Seit Sonntag gilt der neue Bußgeldkatalog – Verkehrssünder müssen nun draufzahlen. Wie stark Berlins Haushalt profitiert, ist unklar.

Der Mann hat richtig Geld gespart. Mit 81 Stundenkilometern ist ein 52-jähriger Autofahrer am Samstagabend von der Polizei in der Schöneberger Kleiststraße geblitzt worden – erlaubt waren 50. Weil er noch vor Mitternacht aus dem Verkehr gezogen wurde, muss er nun 100 Euro Strafe zahlen, einen Monat Fahrverbot und drei Punkte in Flensburg einkalkulieren. Wäre er nach 0 Uhr kontrolliert worden, hätte er mehr zahlen müssen: Denn seit Sonntag gilt der neue Bußgeldkatalog. Nach dem wären 160 Euro fällig, am Fahrverbot und an den Punkten hätte sich dagegen nichts geändert.

Wie berichtet, kosten gravierende Verstöße gegen die Straßenverkehrsordnung seit dem 1. Februar deutlich mehr als bislang. Eine Überschreitung des Tempolimits wird innerorts mit 80 bis 760 Euro (bisher 50 bis 425 Euro) und außerorts mit 70 bis 600 Euro (bisher 40 bis 375 Euro) bestraft. Wer die Vorfahrt missachtet, muss 100 statt 50 Euro berappen. Wer im Straßenverkehr drängelt oder zu dicht auffährt, zahlt nun 400 statt bisher 250 Euro.

Bei Drogen oder Alkohol am Steuer verdoppeln sich die Strafen: Beim ersten Vergehen sind jetzt 500 Euro fällig, beim zweiten 1000, beim dritten 1500 Euro.

Nach Angaben des Bundesverkehrsministeriums sollen durch die Anhebung „das Abschreckungspotenzial und damit die Verkehrssicherheit erhöht“ werden. Verkehrsminister Wolfgang Tiefensee (SPD) hatte im vergangenen Jahr von den Ländern mehr Kontrollen gefordert. „Der Bußgeldkatalog wirkt nur, wenn genügend Polizisten zur Verfügung stehen“, hatte der Minister gemahnt. Die Automobilclubs ADAC, VCD und ACE hatten die Erhöhung grundsätzlich begrüßt, jedoch ebenfalls mehr Überwachung gefordert. Mit einer weiteren Verstärkung der Kontrollen ist in Berlin wegen der hohen Arbeitsbelastung der Polizei allerdings nicht zu rechnen, hieß es. Bereits 2007 hatte die Polizei in einem personellen Kraftakt die Kontrollen deutlich erhöht gehabt.

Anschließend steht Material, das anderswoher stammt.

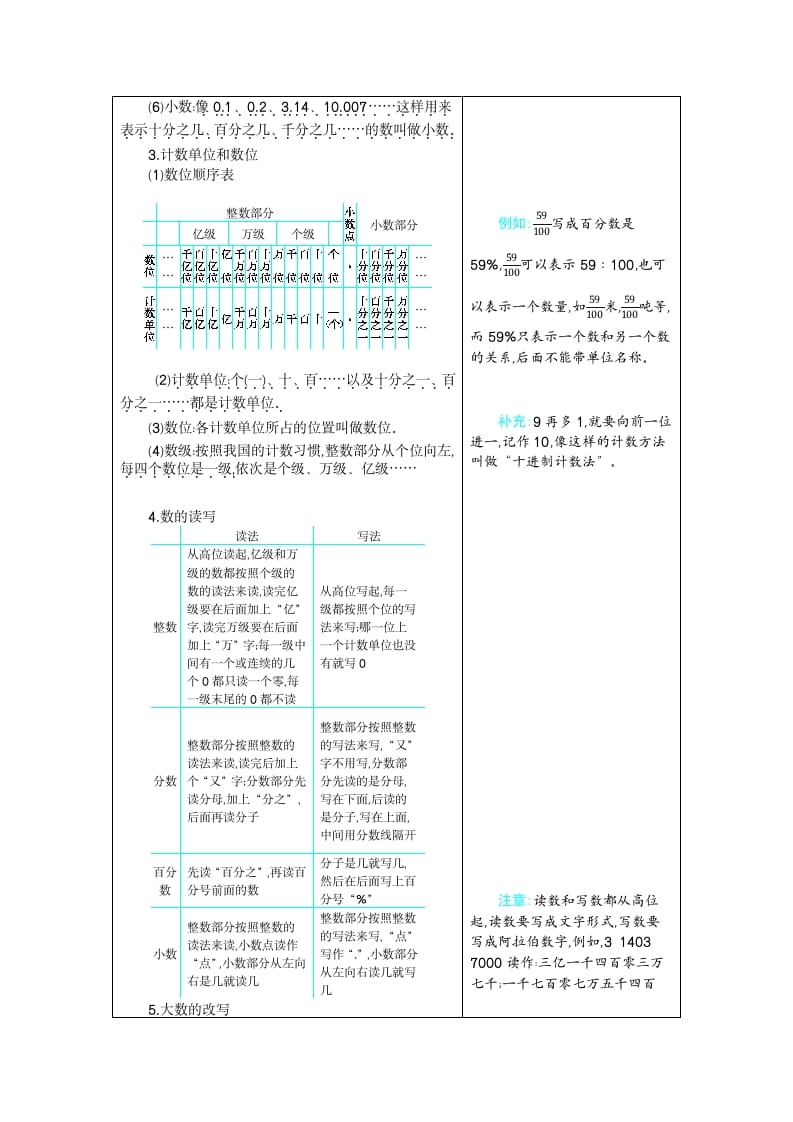 图片[2]-六年级数学下册6整理和复习-知识笔记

Unklar ist, wie stark der Berliner Haushalt von dieser Bußgelderhöhung nun profitieren wird. Dann das Gros der Knöllchen sind kleine Delikte wie Falschparken – dort ändert sich nichts. So erhöht sich das Bußgeld bei Tempoverstößen erst ab einer Überschreitung von 21 Stundenkilometern – doch solche Verfehlungen werden in der Stadt seltener geblitzt als auf der Landstraße.

Wenn das Land Berlin über die Polizei wirklich Geld eintreiben wollte, wären stationäre Geschwindigkeitsmessgeräte sinnvoll. Die kosten pro Stück einmalig 40 000 Euro, lösen dann aber an Hauptverkehrsstraßen ständig aus – ohne hohe Nebenkosten. Jedes der vier im Jahr 2006 montierten stationären Blitzer brachte dem Finanzsenator im Jahr 2007 durchschnittlich 732 000 Euro ein. Zahlen der Bußgeldeinnahmen für 2008 liegen noch nicht vor. Am profitabelsten ist der Starenkasten in der Frankfurter Allee. Doch mehr solche Anlagen will die Polizei nicht aufstellen – sie profitiert schließlich nicht von den Einnahmen: Auch bei der jüngsten Anhebung der Bußgelder hatten die Bundesländer eine Zweckbindung eines Teils der Bußgeldeinnahmen für Prävention und  Verkehrssicherheit strikt abgelehnt. Die Knöllchen-Einnahmen werden auch weiterhin in den Berliner Haushaltstopf fließen.

Im Jahr 2007 waren die Einnahmen mit 53,4  Millionen Euro erstmals seit mehreren Jahren signifikant gestiegen. In den Jahren zuvor kamen maximal 49 Millionen Euro zusammen. Die Zunahme 2007 verdankt der Finanzsenator vor allem den vier fest installierten Tempo-Blitzern.